The acidity of phenolic compounds depends on the ability of the molecule to stabilize the negative charge on the oxygen atom after deprotonation. In phenol, the –OH group loses a proton to form the phenoxide ion. The negative charge on the oxygen is partially stabilized by resonance with the aromatic ring, but phenol itself is only weakly acidic.

When an electron-withdrawing group such as a nitro group (–NO₂) is introduced on the benzene ring, the acidity of phenol increases. The nitro group strongly attracts electrons due to both its –I effect (inductive electron withdrawal) and –R effect (resonance electron withdrawal). This stabilizes the negative charge on the phenoxide ion, making the release of a proton easier.

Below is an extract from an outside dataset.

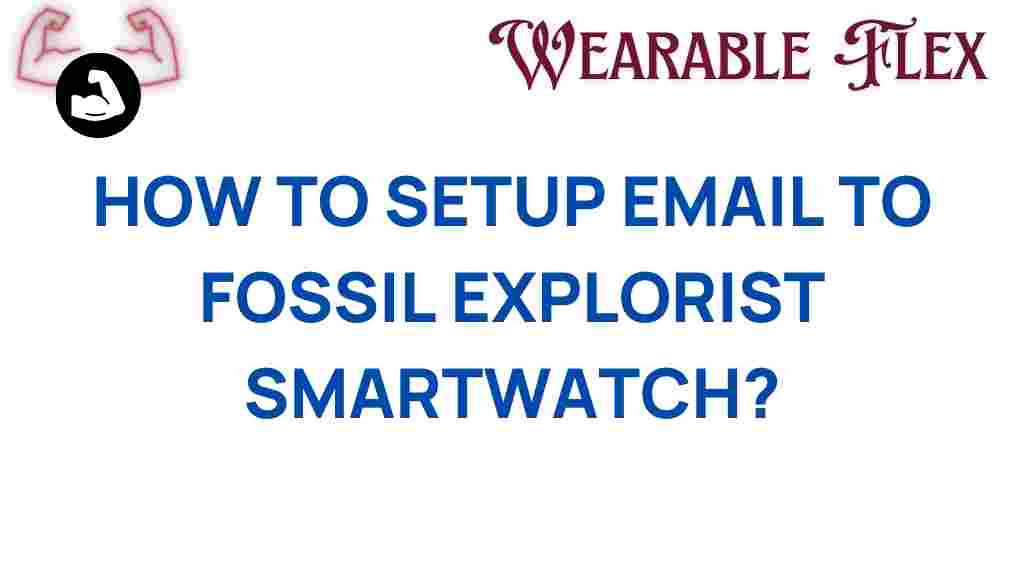 fossil-explorist-email-setup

The position of the nitro group greatly affects the extent of this stabilization. In p-nitrophenol, the nitro group is located opposite to the –OH group. This allows maximum delocalization of negative charge through resonance and strong inductive withdrawal. As a result, p-nitrophenol is the most acidic among the given options.

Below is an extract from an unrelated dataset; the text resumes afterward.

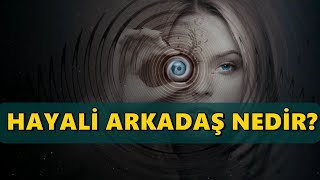 Hayali̇ Arkadaş Nasil Çağirilir? Hayali̇ Arkadaş Nedi̇r? İpuçlari Ve Uyarilar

In o-nitrophenol, the nitro group also withdraws electrons, but intramolecular hydrogen bonding occurs between the –OH group and the nitro oxygen. This decreases the ability of the molecule to donate a proton, making o-nitrophenol less acidic than p-nitrophenol.

In m-nitrophenol, the nitro group is positioned in such a way that it cannot participate in resonance with the phenoxide ion. Its effect is limited to inductive withdrawal only, so its acidity is lower than that of p-nitrophenol and o-nitrophenol.

Therefore, among phenol, o-nitrophenol, m-nitrophenol, and p-nitrophenol, the most acidic compound is p-nitrophenol, due to strong stabilization of the phenoxide ion through both inductive and resonance effects.